Moreover, DreamFactory is non-disruptive to existing infrastructure and easily bolts-on to retrofit existing systems for compliance.
Consumers have the right to move their data between vendors, and a vendor is obligated to provide this data to them in a timely manner. An example would be a customer can demand that their PII from one online banking vendor be transferred to another.
DreamFactory normalizes the interface to data. Regardless of how (SQL, NoSQL, storage) or where (cloud, on-prem) it persists you can expose it to data consumers as a single reusable API. This enables external systems to connect to the data using the same interface regardless of its underlying structure or location.
One important capability of DreamFactory’s gateways is that it handles all of the firewall plumbing required to access on-prem systems in cloud portals, providing a secure access mechanism across the data supply chain. Governance
As with any business critical regulation, enterprises need to gauge and track compliance. GDPR places increased emphasis on governance as the penalties can be so severe as to jeopardize the viability of a company.
DreamFactory bakes compliance readiness into the gateway between your data and all of the consumers of your data, with:
- Role based access control at various levels of granularity (e.g. app, record)
- Logging of all API calls accessing data records
- Limiting of API Calls to preemptively protect against attacks
- Reporting on all data activity
What databases are we talking about?
The DreamFactory platform automatically creates RESTified Data Gateways for the following databases:
As of the publication date of this paper, a SAP Hana integration is in late beta, while GraphQL support is additonally offered.
A full list of DreamFactory’s database connections can be seen here. The scope of platform capabilities, including SOAP to REST, EXCEL to REST, as well as integration with SMS, push notifications, Apple/Google technologies and more can be viewed here.
Progressive organizations are re-architecting their infrastructure with API platforms to get ahead of the competition. By taking this approach, enterprises have been able to share their data assets safely with any data consumer they need to support - whether to turbo charge new mobile and web app ecosystems, integrate cross-enterprise data, or create new business opportunities with partners & customers.

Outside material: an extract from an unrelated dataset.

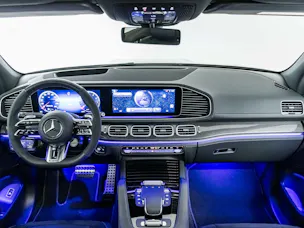 Mercedes-Benz GLE 63 S AMG 4MATIC+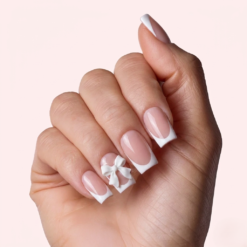 Bowknot Designs Short Square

Now, with GDPR, there is an emerging and mission critical consumer of enterprise data that an API platform can support: the Data Protection Officer.
The DreamFactory Data Gateway is unique in that it is a unified runtime that automatically enables, controls, and monitors access for any enterprise data system.
To see how DreamFactory can help your organization, please request a demo to see how your digital transformation initiatives can be both automated and readied for GDPR regulations.
4 - Appendix D: Architecture FAQ
Basic System Architecture
DreamFactory is an open source REST API backend that provides RESTful services for building mobile, web, and IoT applications. In technical terms, DreamFactory is a runtime application that runs on a web server similar to a website running on a traditional LAMP server.
In fact, as a base, we require a hosting web server like Apache, NGINX, or IIS. DreamFactory is written in PHP and requires access to a default SQL database for saving configuration. Depending on configuration for caching, etc. it may or may not need access to the file system for local storage. If pre- and/or post-process scripting is desired, access to V8Js or Node.Js may also be required. It runs on most Linux distributions (Ubuntu, Red Hat, CentOS, etc.), Apple Mac OS X, and Microsoft Windows.
Installation options are highly flexible. You can install DreamFactory on your IaaS cloud, PaaS provider, as a Docker container, on premises server, or a laptop. Installer packages are available, or the DreamFactory source code is available under the Apache License at GitHub.
The DreamFactory application can logically be divided into several operational components. While these components are logical and do not necessarily represent the code structure itself, they are useful in discussing the subsystems and functionality of the application, as well as the anatomy of the API call later on.
Routing sets up the supported HTTP interfaces to the system. In tandem with Controllers, this component controls the flow of the calls through the system. Controllers are essentially groups of routes or HTTP calls that share some logical handling and are paired with a set of access control components. There are essentially three controllers that the routing component can hand the call off to.
• Splash Controller - This handles the initial load and setup states of the system. It also routes web traffic to the default web application (i.e. Launchpad), where users can login and access other configured applications like the admin console, etc.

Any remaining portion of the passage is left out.